AIPB similarly has a holistic view of the entire innovation process end to end, including the direction it should take (vision and strategy) and overseeing the actual execution while also planning for the future. AIPB can also incorporate existing frameworks and models where appropriate and beneficial. It is meant to be modular and not overly prescriptive in that sense, in the same way that the CTO of a company does not necessarily dictate what continuous integration framework software developers must use.
Explainability is becoming very important when it comes to AI and machine learning, and rightly so. Both can be quite opaque in terms of how they work and what the results mean. Making AI more explainable is a great goal, and the outputs of AIPB should also be explainable.
One of the downsides of canvas-based frameworks is that the focus is on writing text in boxes and creating bullet point lists. Usually this content requires further explanation to those who were not involved in the process and/or to those less familiar. It is unlikely that you could hand a filled-out canvas to someone that did not participate in the process and have them fully understand what it contains, its value, and its implications just from a quick read.

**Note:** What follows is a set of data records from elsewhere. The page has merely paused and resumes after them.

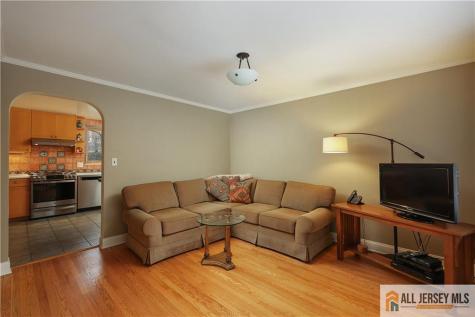 25 Voorhees Place Metuchen NJ 08840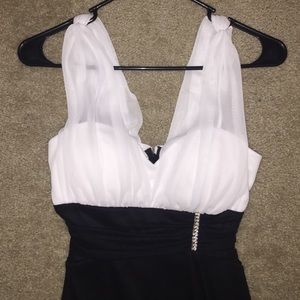 Formal dress never been worn.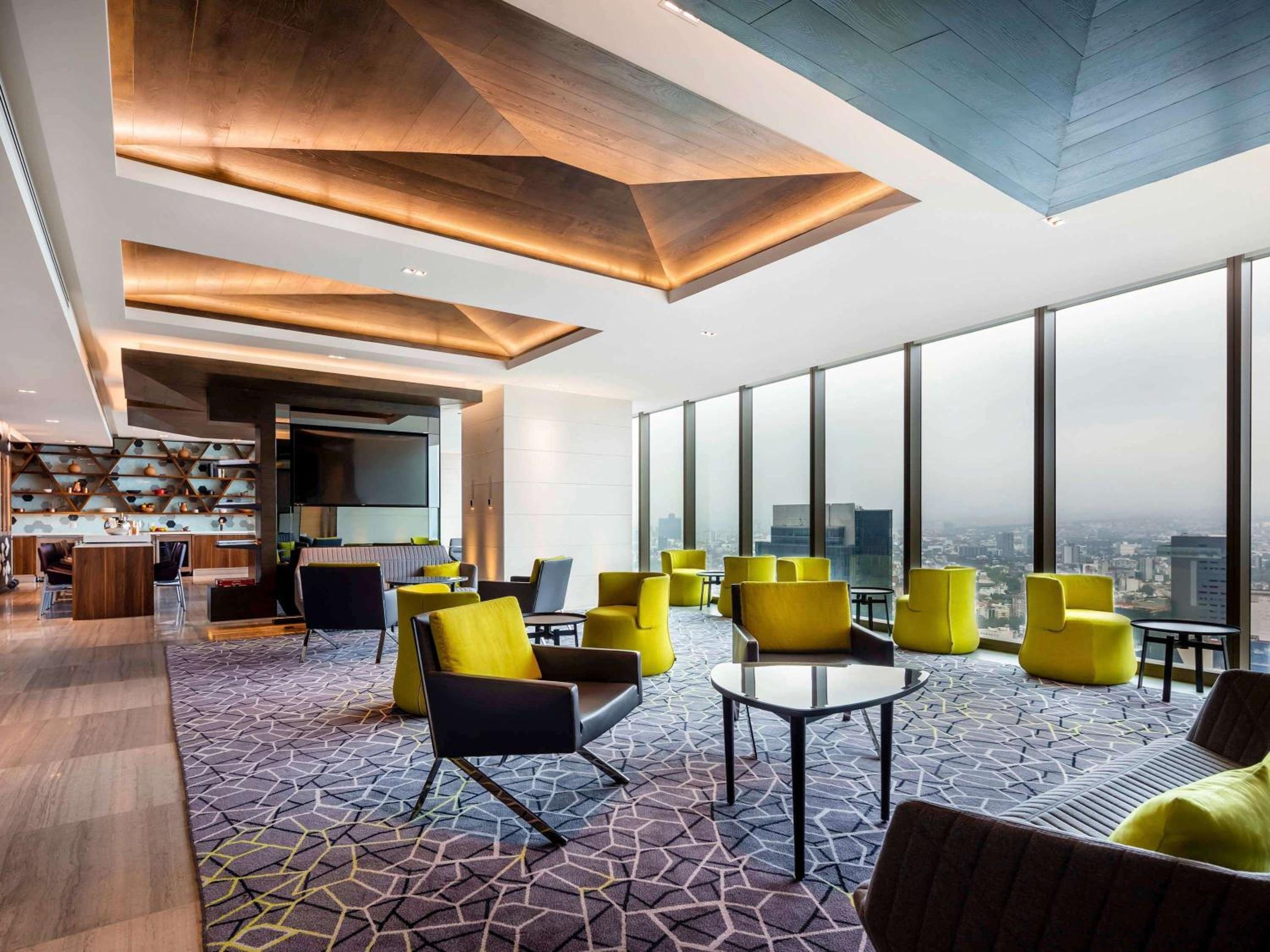 Suite Junior con Dos Camas Dobles y Vista al Horizonte — 6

AIPB produces explainable output that should not require much further explanation.
I put a very high premium on the why of everything, as well as on generating a shared vision and understanding among all key stakeholders. I think that the output of an innovation framework should help facilitate this in a highly explainable way.
AIPB is science focused given that innovative, emerging, and state-of-the-art technologies such as AI and machine learning are key ingredients and are by nature exploratory and experimental. This matters because these are fields based in statistics and probabilities, or put another way, in some form of uncertainty. This means that the entire process of planning around and using AI techniques is largely nondeterministic and therefore best represented by the concepts of science and processes such as the scientific method.
Why is this a benefit of AIPB? It’s a benefit because of expectation management; that is, it helps set appropriate expectations. There are certain laws and theorems that essentially prove that things like the best algorithm, exact data, best data features, and best model performance can’t be known in advance. AIPB recognizes this and helps set expectations accordingly.
In my opinion, the purpose of innovation is to benefit both people and business in new and powerful ways. This is accomplished by creating and executing a technology-based vision and strategy around real-world solutions that make these benefits a reality. In addition, generating a shared vision and understanding among key stakeholders along with proper expectation management is key. This can be difficult to accomplish with some of the existing frameworks due to the gaps outlined in this chapter.
The FPB and more general AIPB Frameworks represent a unique and powerful approach to innovation that is focused on benefiting people and businesses alike in order to create better human experiences and business success. AIPB fills the gaps of most existing business and innovation frameworks, and is unique in its guiding North Star (people and business), benefits pseudocomponent, and four core components, which we cover next.